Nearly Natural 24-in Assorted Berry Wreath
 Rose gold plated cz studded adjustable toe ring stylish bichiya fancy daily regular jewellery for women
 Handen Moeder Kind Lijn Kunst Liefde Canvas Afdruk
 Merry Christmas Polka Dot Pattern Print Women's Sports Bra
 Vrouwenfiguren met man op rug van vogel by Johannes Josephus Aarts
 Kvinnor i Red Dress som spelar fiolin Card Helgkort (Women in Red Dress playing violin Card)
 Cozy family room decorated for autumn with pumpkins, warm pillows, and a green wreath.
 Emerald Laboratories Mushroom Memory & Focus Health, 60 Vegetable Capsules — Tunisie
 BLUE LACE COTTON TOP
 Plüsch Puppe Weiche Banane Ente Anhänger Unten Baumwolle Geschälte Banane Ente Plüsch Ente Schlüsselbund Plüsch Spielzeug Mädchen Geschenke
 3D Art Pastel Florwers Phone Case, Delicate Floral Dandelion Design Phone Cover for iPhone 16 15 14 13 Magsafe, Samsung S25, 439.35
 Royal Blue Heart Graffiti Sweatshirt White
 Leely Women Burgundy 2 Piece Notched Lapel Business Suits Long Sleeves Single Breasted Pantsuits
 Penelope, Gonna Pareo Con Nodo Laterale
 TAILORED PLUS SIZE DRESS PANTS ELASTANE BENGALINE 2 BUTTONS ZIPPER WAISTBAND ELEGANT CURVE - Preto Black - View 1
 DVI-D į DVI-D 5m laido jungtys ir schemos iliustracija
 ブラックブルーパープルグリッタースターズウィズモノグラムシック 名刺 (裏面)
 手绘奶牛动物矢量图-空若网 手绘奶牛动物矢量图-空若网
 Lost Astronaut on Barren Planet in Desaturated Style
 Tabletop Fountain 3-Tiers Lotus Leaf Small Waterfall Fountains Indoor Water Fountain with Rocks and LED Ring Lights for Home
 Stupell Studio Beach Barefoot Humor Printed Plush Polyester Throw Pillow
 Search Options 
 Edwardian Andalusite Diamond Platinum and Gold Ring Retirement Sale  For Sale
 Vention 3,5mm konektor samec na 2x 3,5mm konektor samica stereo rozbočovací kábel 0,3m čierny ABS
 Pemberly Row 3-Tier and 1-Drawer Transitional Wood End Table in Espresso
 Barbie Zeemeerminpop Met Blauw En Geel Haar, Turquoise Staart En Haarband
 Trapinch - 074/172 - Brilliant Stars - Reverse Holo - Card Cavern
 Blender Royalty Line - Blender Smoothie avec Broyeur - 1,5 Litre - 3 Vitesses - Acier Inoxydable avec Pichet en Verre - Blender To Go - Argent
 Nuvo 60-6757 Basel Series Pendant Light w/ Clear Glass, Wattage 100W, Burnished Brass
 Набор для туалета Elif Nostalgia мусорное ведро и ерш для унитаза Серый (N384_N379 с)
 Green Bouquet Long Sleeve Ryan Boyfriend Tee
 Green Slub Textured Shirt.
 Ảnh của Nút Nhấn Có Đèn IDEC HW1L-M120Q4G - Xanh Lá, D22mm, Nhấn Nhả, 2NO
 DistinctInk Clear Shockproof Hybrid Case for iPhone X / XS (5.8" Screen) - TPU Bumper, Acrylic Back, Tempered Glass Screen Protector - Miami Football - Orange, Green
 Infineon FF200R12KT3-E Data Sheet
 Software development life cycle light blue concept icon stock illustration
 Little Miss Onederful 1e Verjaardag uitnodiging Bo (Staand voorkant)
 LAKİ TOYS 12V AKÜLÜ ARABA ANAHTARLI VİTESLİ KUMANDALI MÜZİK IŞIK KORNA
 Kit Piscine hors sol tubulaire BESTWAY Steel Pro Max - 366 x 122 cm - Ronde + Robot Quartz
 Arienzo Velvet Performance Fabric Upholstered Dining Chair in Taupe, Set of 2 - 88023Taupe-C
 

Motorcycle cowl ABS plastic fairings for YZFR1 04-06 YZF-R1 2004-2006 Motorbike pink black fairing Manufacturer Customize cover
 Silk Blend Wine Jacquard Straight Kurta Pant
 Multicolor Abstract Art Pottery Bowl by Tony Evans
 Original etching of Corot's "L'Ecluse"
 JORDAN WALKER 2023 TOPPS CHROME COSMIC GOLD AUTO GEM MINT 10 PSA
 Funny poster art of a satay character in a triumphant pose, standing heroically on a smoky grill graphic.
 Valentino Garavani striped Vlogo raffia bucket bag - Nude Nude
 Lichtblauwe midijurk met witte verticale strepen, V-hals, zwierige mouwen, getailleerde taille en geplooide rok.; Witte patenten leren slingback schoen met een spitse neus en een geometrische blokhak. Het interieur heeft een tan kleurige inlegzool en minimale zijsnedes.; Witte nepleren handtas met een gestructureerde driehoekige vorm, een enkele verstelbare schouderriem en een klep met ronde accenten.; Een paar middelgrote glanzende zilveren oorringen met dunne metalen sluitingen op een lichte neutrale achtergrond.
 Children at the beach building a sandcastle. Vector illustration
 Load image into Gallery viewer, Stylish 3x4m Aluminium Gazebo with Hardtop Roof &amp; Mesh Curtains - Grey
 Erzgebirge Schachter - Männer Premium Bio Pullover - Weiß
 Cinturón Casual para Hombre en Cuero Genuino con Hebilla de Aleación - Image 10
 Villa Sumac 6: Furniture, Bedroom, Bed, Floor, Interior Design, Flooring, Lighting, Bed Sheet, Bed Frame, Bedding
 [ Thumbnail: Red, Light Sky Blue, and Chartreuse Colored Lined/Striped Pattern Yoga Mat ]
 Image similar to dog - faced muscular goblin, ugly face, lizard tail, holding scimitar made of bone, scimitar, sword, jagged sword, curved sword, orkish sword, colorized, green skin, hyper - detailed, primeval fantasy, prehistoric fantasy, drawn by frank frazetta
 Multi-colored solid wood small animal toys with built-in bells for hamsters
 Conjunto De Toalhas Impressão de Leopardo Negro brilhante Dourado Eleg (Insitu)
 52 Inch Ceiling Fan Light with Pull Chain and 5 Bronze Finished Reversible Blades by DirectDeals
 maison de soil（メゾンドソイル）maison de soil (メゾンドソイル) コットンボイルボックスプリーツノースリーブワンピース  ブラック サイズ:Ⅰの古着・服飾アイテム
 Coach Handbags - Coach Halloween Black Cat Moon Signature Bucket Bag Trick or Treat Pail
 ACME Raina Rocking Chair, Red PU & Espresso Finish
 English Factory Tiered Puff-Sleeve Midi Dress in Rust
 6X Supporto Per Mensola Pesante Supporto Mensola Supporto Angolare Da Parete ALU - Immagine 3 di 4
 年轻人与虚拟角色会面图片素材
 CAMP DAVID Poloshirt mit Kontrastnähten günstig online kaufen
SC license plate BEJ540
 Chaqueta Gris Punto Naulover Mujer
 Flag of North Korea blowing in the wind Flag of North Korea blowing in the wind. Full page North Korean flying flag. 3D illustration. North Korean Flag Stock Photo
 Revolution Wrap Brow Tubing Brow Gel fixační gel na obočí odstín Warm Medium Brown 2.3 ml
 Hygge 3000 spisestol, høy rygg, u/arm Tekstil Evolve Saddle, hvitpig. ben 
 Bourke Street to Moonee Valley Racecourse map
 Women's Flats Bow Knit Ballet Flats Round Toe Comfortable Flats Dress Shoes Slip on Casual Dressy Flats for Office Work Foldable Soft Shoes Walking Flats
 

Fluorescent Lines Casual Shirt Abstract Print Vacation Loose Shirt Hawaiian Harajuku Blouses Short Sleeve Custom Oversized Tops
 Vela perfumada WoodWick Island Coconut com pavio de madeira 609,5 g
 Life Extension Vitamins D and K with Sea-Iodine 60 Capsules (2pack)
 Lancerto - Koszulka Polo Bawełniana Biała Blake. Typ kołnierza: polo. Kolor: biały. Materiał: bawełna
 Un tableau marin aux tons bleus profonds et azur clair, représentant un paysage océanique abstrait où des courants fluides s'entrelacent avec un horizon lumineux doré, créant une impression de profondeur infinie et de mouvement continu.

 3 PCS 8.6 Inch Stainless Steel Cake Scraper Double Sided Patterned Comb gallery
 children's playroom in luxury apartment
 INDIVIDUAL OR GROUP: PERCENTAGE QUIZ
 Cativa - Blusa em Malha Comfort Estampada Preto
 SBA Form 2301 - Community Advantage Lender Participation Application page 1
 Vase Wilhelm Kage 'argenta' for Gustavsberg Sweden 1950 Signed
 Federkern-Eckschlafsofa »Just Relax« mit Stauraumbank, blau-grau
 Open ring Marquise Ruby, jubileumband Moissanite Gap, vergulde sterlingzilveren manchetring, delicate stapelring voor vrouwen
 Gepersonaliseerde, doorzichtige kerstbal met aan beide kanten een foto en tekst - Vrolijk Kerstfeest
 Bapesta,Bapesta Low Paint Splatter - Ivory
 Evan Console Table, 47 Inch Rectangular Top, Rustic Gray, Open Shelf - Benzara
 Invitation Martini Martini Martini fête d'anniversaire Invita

________________________________________

Scan the records above for the lines holding "Little Miss Onederful" and "Original etching of". Transcribe those two and every line between them word for word, and no others.

## Response to this exercise
 Little Miss Onederful 1e Verjaardag uitnodiging Bo (Staand voorkant)
 LAKİ TOYS 12V AKÜLÜ ARABA ANAHTARLI VİTESLİ KUMANDALI MÜZİK IŞIK KORNA
 Kit Piscine hors sol tubulaire BESTWAY Steel Pro Max - 366 x 122 cm - Ronde + Robot Quartz
 Arienzo Velvet Performance Fabric Upholstered Dining Chair in Taupe, Set of 2 - 88023Taupe-C
 

Motorcycle cowl ABS plastic fairings for YZFR1 04-06 YZF-R1 2004-2006 Motorbike pink black fairing Manufacturer Customize cover
 Silk Blend Wine Jacquard Straight Kurta Pant
 Multicolor Abstract Art Pottery Bowl by Tony Evans
 Original etching of Corot's "L'Ecluse"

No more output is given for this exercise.